Afinal de contas, quem são, de facto, as pessoas que decidem o essencial dos Oscars? Recentemente, o Los Angeles Times [em cima: capa da sua revista dedicada aos Oscars] estabeleceu uma estatística dos membros da Academia de Hollywood que é, no mínimo, desconcertante — este texto foi publicado no Diário de Notícias (26 Fevereiro), com o título 'Quem (não) vota nos prémios de Hollywood?'
Vale a pena recordar algumas vitórias bizarras nos Oscars dos últimos anos. Assim, por exemplo, em 1998, A Paixão de Shakespeare, pouco mais que um competente telefilme, obteve a distinção de melhor filme, deixando de fora o admirável O Resgate do Soldado Ryan, de Steven Spielberg (distinguido como melhor realizador); em 2002, Chicago, revisão banalmente retórica do género musical, foi eleito melhor do ano contra Gangs de Nova Iorque, de Martin Scorsese. Em boa verdade, tais discrepâncias não são de agora. Assim, por exemplo, quem se lembra desse musical muito académico que dá pelo nome de Oliver!, com realização de Carol Reed? Pois bem, arrebatou o Oscar de melhor filme de 1969, nada mais nada menos que o ano da obra-prima de Stanley Kubrick, 2001: Odisseia no Espaço (que nem sequer estava nomeado na categoria de melhor filme).
Escusado será dizer que seria banal arrogância supor que os mais de cinco mil mebros da Academia se devem submeter à “minha” (ou à “tua”) visão. Não se trata de discutir o problema no mero plano das escolhas, mas sim de colocar uma pergunta muito directa: afinal, quem escolhe?
O Los Angeles Times avançou recentemente algumas respostas, no mínimo, desconcertantes. Assim, o jornal realizou uma investigação no sentido de traçar o perfil demográfico dos quase seis mil membros da Academia de Artes e Ciências Cinematográficas de Hollywood, anualmente responsável pela atribuição dos Oscars. Não existindo nenhuma publicação oficial que dê conta de tal perfil, foram tidas em conta as características conhecidas de 5100 daqueles membros (cerca de 89% do total). Resultados: ficamos a saber, por exemplo, que mais de metade, 54%, têm mais de 60 anos e que 77% são do sexo masculino (isto para além de os brancos corresponderem a 94% do total). Claro que não faria sentido denegrir (ou elogiar, se fosse esse o ponto de vista) as escolhas da Academia em função destes números. Mas é inevitável questionar a sua representatividade. Quando mais de metade do colégio eleitoral da Academia já passou os 60 anos, o mínimo que se pode dizer é que lhe falta representatividade. E tanto mais quanto as muitas transformações da produção de Hollywood na última década (em especial a partir de O Projecto Blair Witch, lançado em 1999) têm sido, melhor ou pior, lideradas pelos mais novos.
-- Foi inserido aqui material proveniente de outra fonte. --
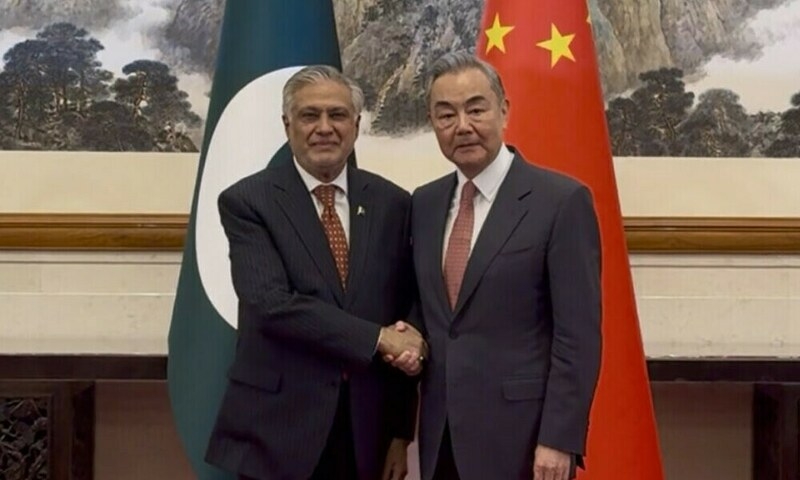 Wang, Dar discuss Kashmir dispute, CPEC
Claro que o peso de muitos veteranos (lembremos os casos modelares de Clint Eastwood e Martin Scorsese que têm, respectivamente, 81 e 69 anos) é um factor nuclear da vitalidade criativa de Hollywood. Mas importa avaliar até que ponto os Oscars têm condições para reflectir de forma pertinente a pluralidade interna de uma indústria em que, do academismo ao experimentalismo, dos grandes estúdios aos independentes, continua a haver de tudo um pouco.